My friend I work with has an 06 GTO and we just put a cold air kit on it. I am a former Z28 LT1 owner and want to get this goat running a little harder. He is willing to do whatever it takes to get her faster and I was needing a little advice from you guys as what header/intermediate system to go with. Looks like from reading the board that you all tend to lean toward the Stainless Works, Kooks, or SLP. Which offers the best of all worlds (fitment, power, direct bolt on with no customization, in other words, straight bolt in to the stock exhaust for now with the ability to change at a later date, etc.) This is something I want to do at the house without having to weld in. I have enough experience with installing headers, cams, you name it that I am willing to tackle the job for him, just want advice from the hands on people here that have done this mod on THESE cars of which are new to me. Any help would be greatly appreciated.
Thanks


----------



## RookWV (Apr 9, 2005)

Any of those should bolt right up to the stock catback. I have Kooks and they bolted right up.


----------



## K2Racing (Mar 30, 2007)

RookWV said:


> Any of those should bolt right up to the stock catback. I have Kooks and they bolted right up.

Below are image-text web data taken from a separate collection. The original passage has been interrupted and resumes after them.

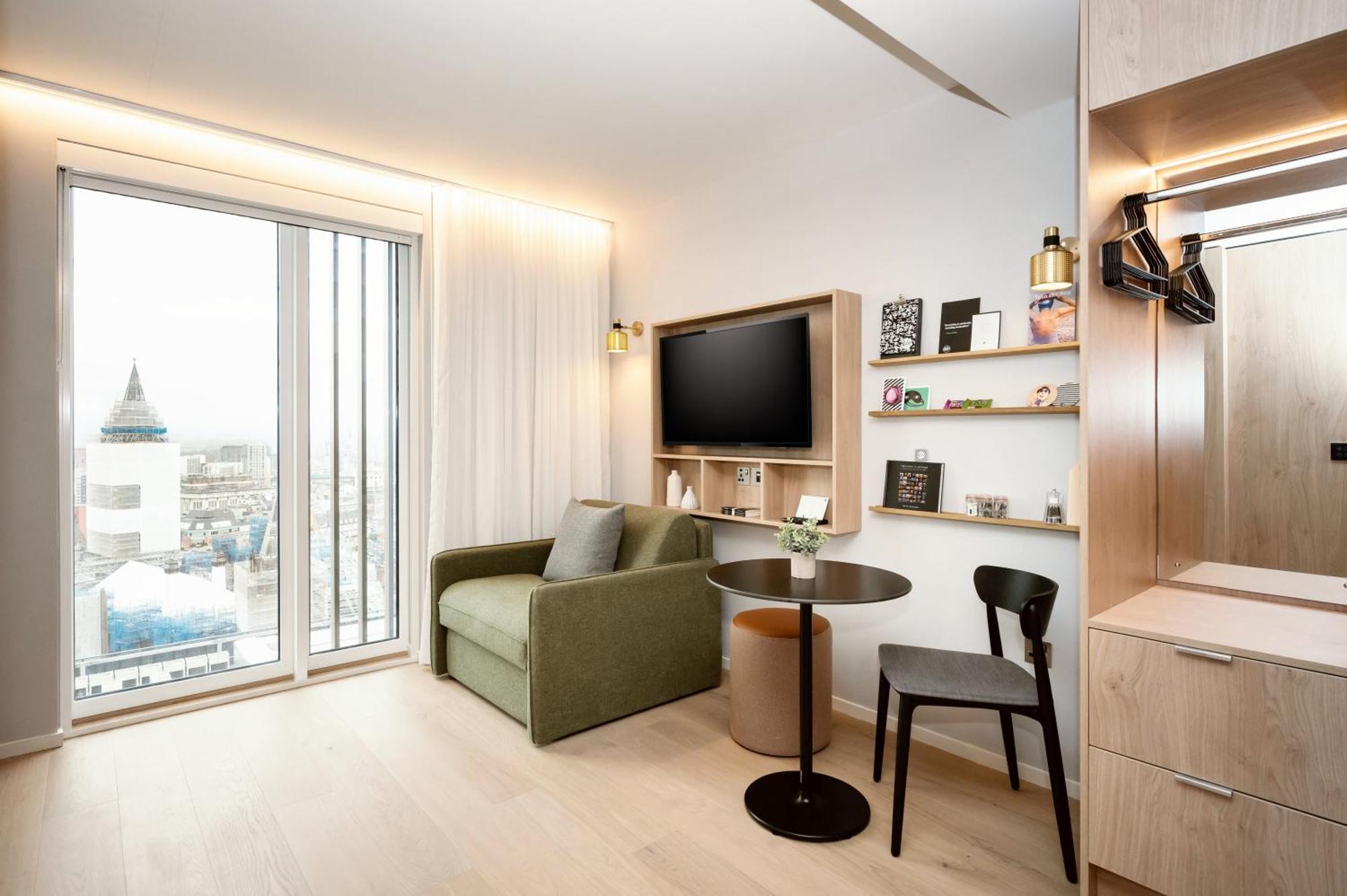 Aparthotel Wilde Centre 4*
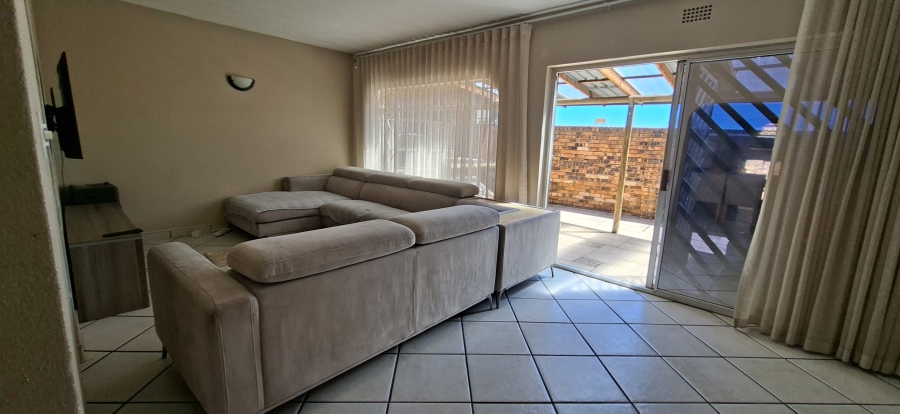 3 Bedroom Property for Sale in Silverfields Gauteng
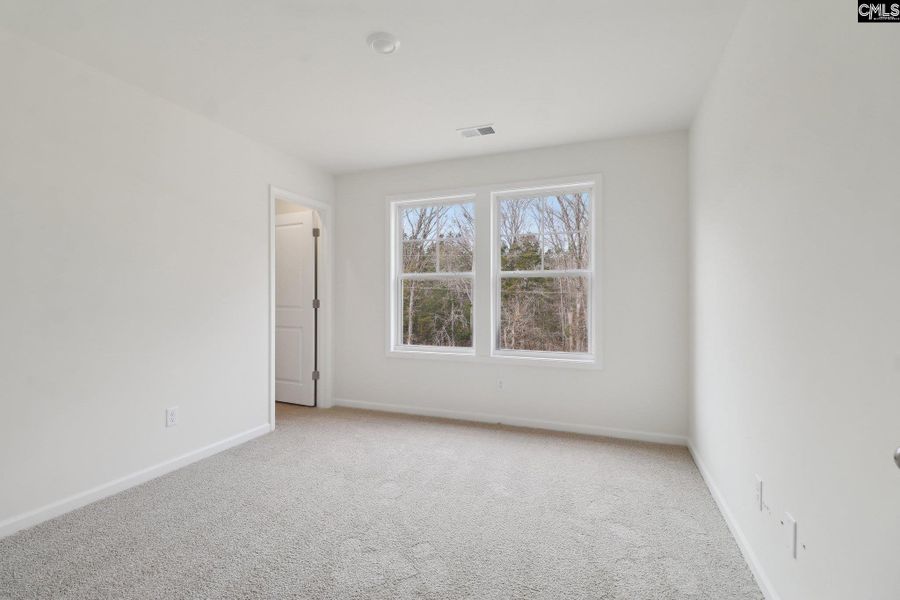 Spacious, unfurnished interior of a new home in Peachtree Hills, Lexington (Image 19).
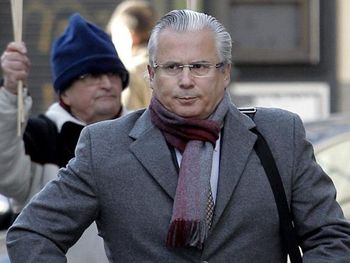 Baltasar Garzón solicitó garantías para que Assange vaya a Suecia
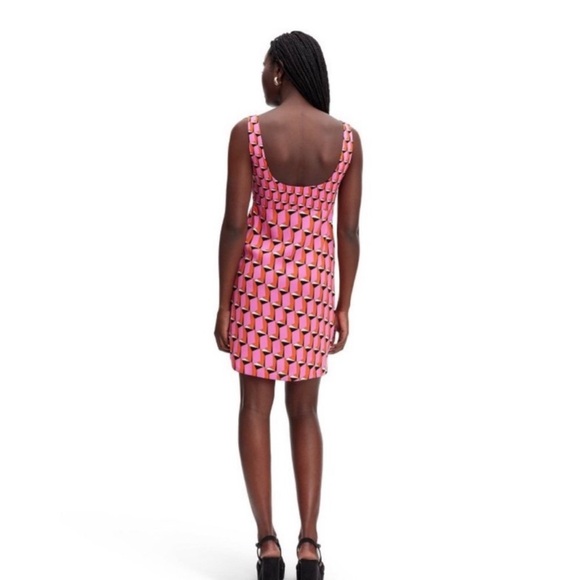 DVF x Target NWT Mini Dress - Size 16 - Pink & Black ✨ - Picture 5 of 14
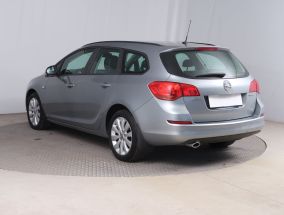 Opel Astra - 2011
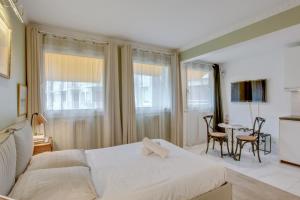 Un dormitorio con una cama y una mesa y sillas. en Charming studio near Tour Eiffel Invalides Beaugrenelle, en París 7 fotos más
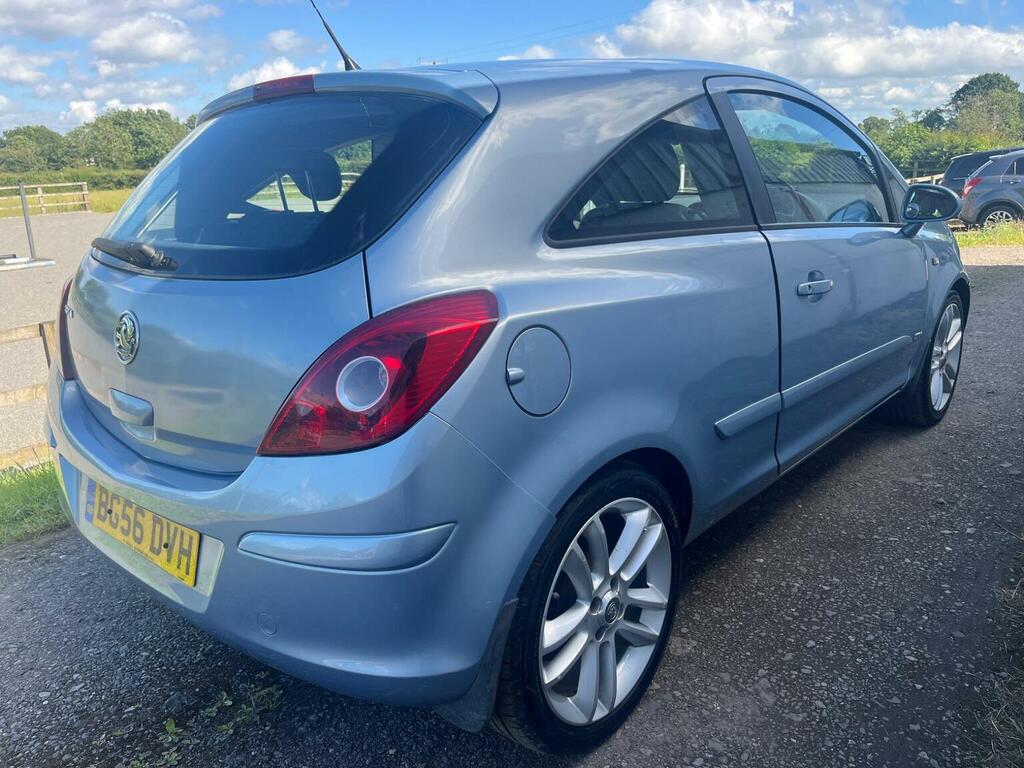 Vauxhall Corsa Design 16V 1.4 Blue #5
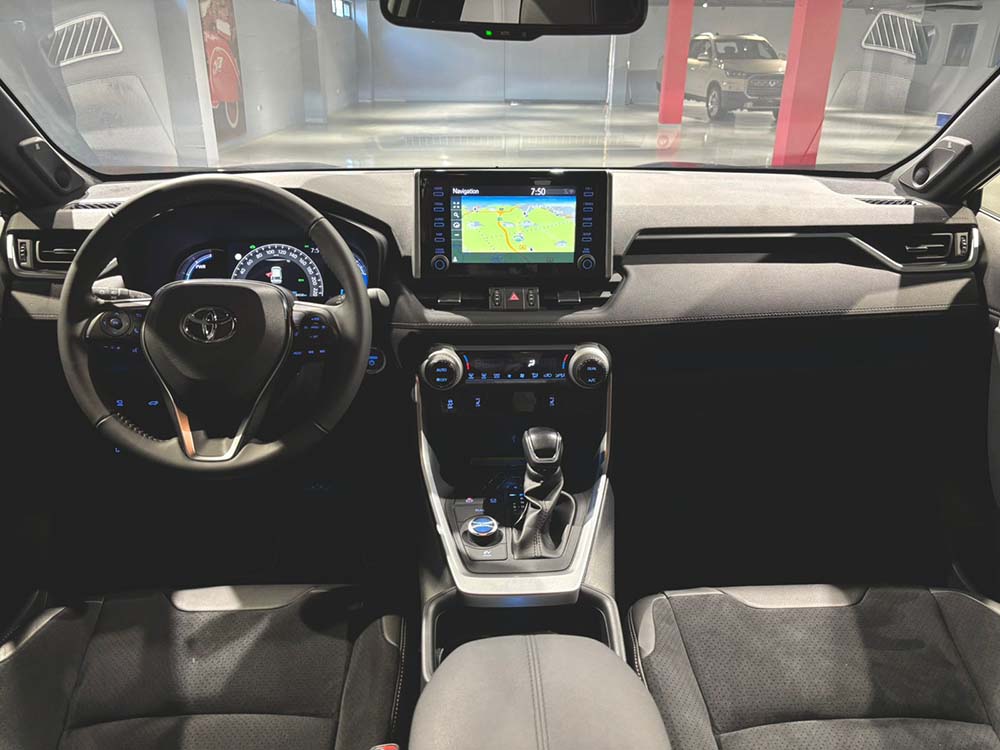 Toyota RAV 4 - 2.5 Hybrid 4x4 Black Edition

What lead you to the decision for the Kooks over the other 2?


----------



## BLACK05GTO (Feb 6, 2005)

Kooks are the best overall long tube headers. Guy that install headers on a daily basis will tell you that they have had their best luck with the Kook's Long tubes. 
All the headers on the market will make very similar HP after tuning, but the Kooks seem to have less fitment issues than any other long tube headers.

SLP makes excellent headers also, but they are not full length headers. But they come coated (for the same price an uncoated Kooks) and look very nice under the hood. 


But you need to get the off road (catless) mid pipes or catted mid pipes that come with the headers if you want them to mate with your catback exhaust.


----------